Data entries:
════════════════════
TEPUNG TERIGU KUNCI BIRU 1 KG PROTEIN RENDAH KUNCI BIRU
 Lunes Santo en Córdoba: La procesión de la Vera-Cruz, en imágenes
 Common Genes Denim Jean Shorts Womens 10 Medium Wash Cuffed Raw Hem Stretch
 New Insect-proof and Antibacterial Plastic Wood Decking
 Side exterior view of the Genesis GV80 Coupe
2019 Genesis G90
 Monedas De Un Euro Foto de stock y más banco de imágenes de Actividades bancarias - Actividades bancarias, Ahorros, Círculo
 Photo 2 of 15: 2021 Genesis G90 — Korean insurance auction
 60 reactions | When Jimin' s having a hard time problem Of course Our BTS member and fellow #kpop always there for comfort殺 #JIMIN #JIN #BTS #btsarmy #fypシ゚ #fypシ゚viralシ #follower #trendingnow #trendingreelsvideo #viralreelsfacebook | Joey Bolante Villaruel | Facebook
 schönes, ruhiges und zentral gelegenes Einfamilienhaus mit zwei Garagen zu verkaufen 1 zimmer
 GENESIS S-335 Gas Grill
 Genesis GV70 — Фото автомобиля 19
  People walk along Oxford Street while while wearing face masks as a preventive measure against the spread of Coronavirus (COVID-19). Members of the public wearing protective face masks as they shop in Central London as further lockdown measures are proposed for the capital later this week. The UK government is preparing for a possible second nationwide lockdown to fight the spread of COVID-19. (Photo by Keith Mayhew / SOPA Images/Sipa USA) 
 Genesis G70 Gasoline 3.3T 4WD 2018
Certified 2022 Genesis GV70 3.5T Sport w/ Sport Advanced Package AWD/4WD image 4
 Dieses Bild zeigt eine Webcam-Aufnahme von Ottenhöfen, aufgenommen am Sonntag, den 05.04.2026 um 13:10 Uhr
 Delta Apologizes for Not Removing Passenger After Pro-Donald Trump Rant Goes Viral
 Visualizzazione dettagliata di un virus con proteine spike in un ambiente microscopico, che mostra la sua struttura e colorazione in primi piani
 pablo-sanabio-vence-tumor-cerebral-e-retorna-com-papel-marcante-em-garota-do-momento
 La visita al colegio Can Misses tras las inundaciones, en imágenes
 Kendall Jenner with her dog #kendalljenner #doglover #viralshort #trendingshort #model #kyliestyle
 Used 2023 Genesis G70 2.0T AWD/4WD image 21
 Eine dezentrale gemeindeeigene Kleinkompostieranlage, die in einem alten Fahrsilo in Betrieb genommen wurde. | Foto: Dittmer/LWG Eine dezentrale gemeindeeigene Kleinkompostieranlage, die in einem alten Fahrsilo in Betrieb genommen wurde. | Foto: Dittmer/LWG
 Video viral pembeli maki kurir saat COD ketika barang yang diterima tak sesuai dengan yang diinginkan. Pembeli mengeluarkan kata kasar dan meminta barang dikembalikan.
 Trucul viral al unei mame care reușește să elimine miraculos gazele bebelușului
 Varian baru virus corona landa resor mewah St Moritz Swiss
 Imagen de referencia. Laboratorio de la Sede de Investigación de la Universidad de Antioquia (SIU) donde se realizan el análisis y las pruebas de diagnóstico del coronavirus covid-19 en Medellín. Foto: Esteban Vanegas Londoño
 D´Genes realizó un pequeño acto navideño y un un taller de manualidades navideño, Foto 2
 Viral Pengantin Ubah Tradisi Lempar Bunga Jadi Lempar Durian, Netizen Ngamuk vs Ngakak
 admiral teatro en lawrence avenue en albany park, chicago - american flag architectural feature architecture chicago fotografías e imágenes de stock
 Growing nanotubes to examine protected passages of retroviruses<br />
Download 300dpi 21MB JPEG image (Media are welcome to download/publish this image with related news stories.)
════════════════════
EXERCISE DESCRIPTION:
Would you copy each line of the data exactly as it appears above?

SOLUTION FOR THIS PROBLEM:
TEPUNG TERIGU KUNCI BIRU 1 KG PROTEIN RENDAH KUNCI BIRU
 Lunes Santo en Córdoba: La procesión de la Vera-Cruz, en imágenes
 Common Genes Denim Jean Shorts Womens 10 Medium Wash Cuffed Raw Hem Stretch
 New Insect-proof and Antibacterial Plastic Wood Decking
 Side exterior view of the Genesis GV80 Coupe
2019 Genesis G90
 Monedas De Un Euro Foto de stock y más banco de imágenes de Actividades bancarias - Actividades bancarias, Ahorros, Círculo
 Photo 2 of 15: 2021 Genesis G90 — Korean insurance auction
 60 reactions | When Jimin' s having a hard time problem Of course Our BTS member and fellow #kpop always there for comfort殺 #JIMIN #JIN #BTS #btsarmy #fypシ゚ #fypシ゚viralシ #follower #trendingnow #trendingreelsvideo #viralreelsfacebook | Joey Bolante Villaruel | Facebook
 schönes, ruhiges und zentral gelegenes Einfamilienhaus mit zwei Garagen zu verkaufen 1 zimmer
 GENESIS S-335 Gas Grill
 Genesis GV70 — Фото автомобиля 19
  People walk along Oxford Street while while wearing face masks as a preventive measure against the spread of Coronavirus (COVID-19). Members of the public wearing protective face masks as they shop in Central London as further lockdown measures are proposed for the capital later this week. The UK government is preparing for a possible second nationwide lockdown to fight the spread of COVID-19. (Photo by Keith Mayhew / SOPA Images/Sipa USA) 
 Genesis G70 Gasoline 3.3T 4WD 2018
Certified 2022 Genesis GV70 3.5T Sport w/ Sport Advanced Package AWD/4WD image 4
 Dieses Bild zeigt eine Webcam-Aufnahme von Ottenhöfen, aufgenommen am Sonntag, den 05.04.2026 um 13:10 Uhr
 Delta Apologizes for Not Removing Passenger After Pro-Donald Trump Rant Goes Viral
 Visualizzazione dettagliata di un virus con proteine spike in un ambiente microscopico, che mostra la sua struttura e colorazione in primi piani
 pablo-sanabio-vence-tumor-cerebral-e-retorna-com-papel-marcante-em-garota-do-momento
 La visita al colegio Can Misses tras las inundaciones, en imágenes
 Kendall Jenner with her dog #kendalljenner #doglover #viralshort #trendingshort #model #kyliestyle
 Used 2023 Genesis G70 2.0T AWD/4WD image 21
 Eine dezentrale gemeindeeigene Kleinkompostieranlage, die in einem alten Fahrsilo in Betrieb genommen wurde. | Foto: Dittmer/LWG Eine dezentrale gemeindeeigene Kleinkompostieranlage, die in einem alten Fahrsilo in Betrieb genommen wurde. | Foto: Dittmer/LWG
 Video viral pembeli maki kurir saat COD ketika barang yang diterima tak sesuai dengan yang diinginkan. Pembeli mengeluarkan kata kasar dan meminta barang dikembalikan.
 Trucul viral al unei mame care reușește să elimine miraculos gazele bebelușului
 Varian baru virus corona landa resor mewah St Moritz Swiss
 Imagen de referencia. Laboratorio de la Sede de Investigación de la Universidad de Antioquia (SIU) donde se realizan el análisis y las pruebas de diagnóstico del coronavirus covid-19 en Medellín. Foto: Esteban Vanegas Londoño
 D´Genes realizó un pequeño acto navideño y un un taller de manualidades navideño, Foto 2
 Viral Pengantin Ubah Tradisi Lempar Bunga Jadi Lempar Durian, Netizen Ngamuk vs Ngakak
 admiral teatro en lawrence avenue en albany park, chicago - american flag architectural feature architecture chicago fotografías e imágenes de stock
 Growing nanotubes to examine protected passages of retroviruses<br />
Download 300dpi 21MB JPEG image (Media are welcome to download/publish this image with related news stories.)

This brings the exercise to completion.